> _Goal of the exercise_
Skip all pictures, then copy the lines from the start of the data through the line with "Can revegetation provide", keeping both ends.

> _Input data_

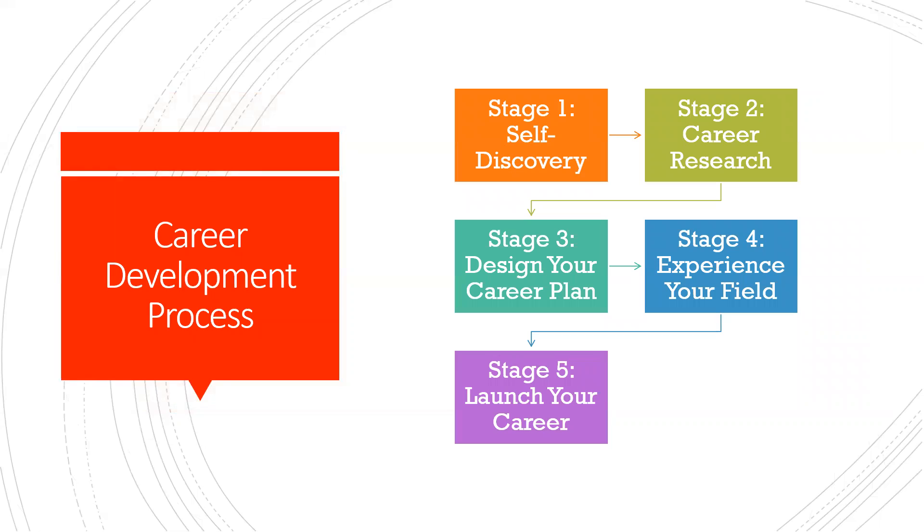Now these stages aren't linear. You can get to the experiential field stage where you're doing your internship or shadowing somebody and you realize this is not the field or profession for me, or it's not what I thought it was. And you might find yourself right back at stage one. So it's not a linear process — keep that in mind.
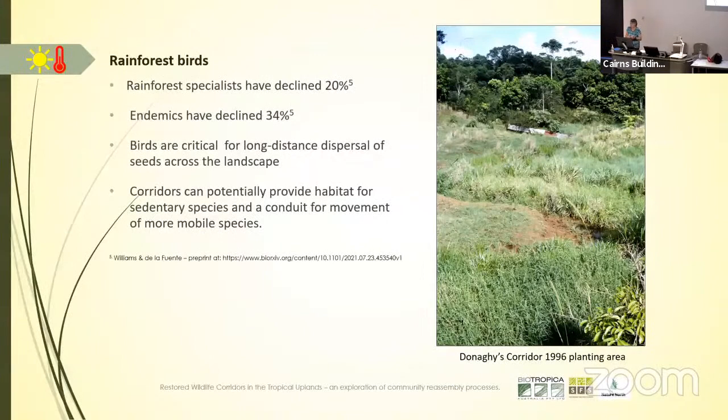Can revegetation provide habitat for birds which are becoming threatened? Secondly, as Nigel already spoke about, birds are very important dispersers of rainforest fruits. It's birds which are dispersing a lot of the seed helping to regenerate these areas past the planting. We can plant a certain amount of species, but it's really the birds particularly that are going to do the heavy lifting of all the future regeneration.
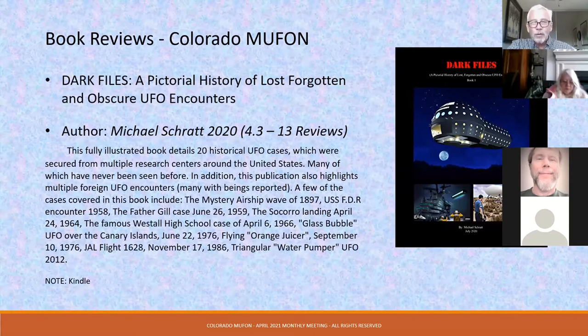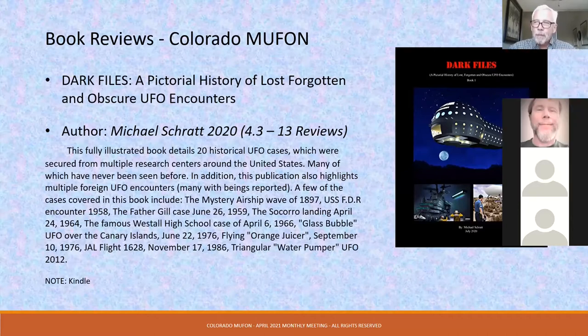A few cases covered in this book include the mystery airship wave. Knowing the stories and then seeing the illustrations that Michael has put together is just amazing. One special note: his book is only available in Kindle format, not hard copy. But if you don't have a Kindle reader, you can go on Amazon and for free download a Kindle converter and read the book on your laptop. I ordered the book and read it on my PC — you don't have to have a Kindle.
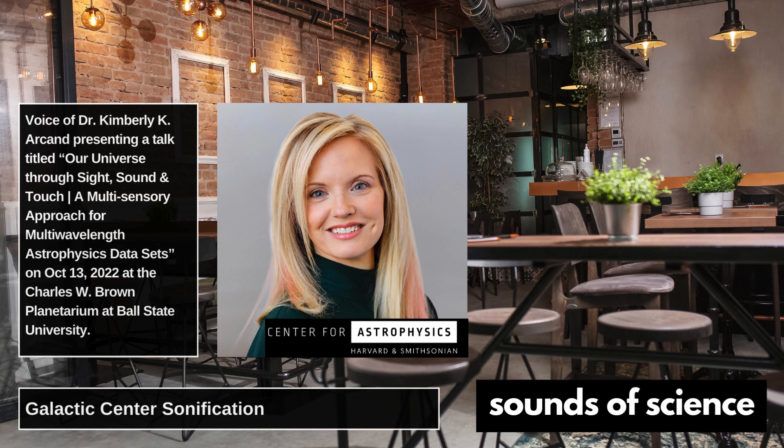There are three different layers of information in this sonification and in this image. We've got the lowest energy material from the Spitzer Space Telescope. We've got the sort of mid-range energy from the Hubble Space Telescope — that's in the yellows. The Spitzer is in the red. And then the blues and the purples are the highest energy material from Chandra. The sounds are similarly interspersed: the lowest energy material from Spitzer is the piano, the medium energy material from Hubble is this flucky violin sound, and then the highest energy from the X-ray telescope is like a glockenspiel type of sound.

> _Solution to the exercise_
Now these stages aren't linear. You can get to the experiential field stage where you're doing your internship or shadowing somebody and you realize this is not the field or profession for me, or it's not what I thought it was. And you might find yourself right back at stage one. So it's not a linear process — keep that in mind.
Can revegetation provide habitat for birds which are becoming threatened? Secondly, as Nigel already spoke about, birds are very important dispersers of rainforest fruits. It's birds which are dispersing a lot of the seed helping to regenerate these areas past the planting. We can plant a certain amount of species, but it's really the birds particularly that are going to do the heavy lifting of all the future regeneration.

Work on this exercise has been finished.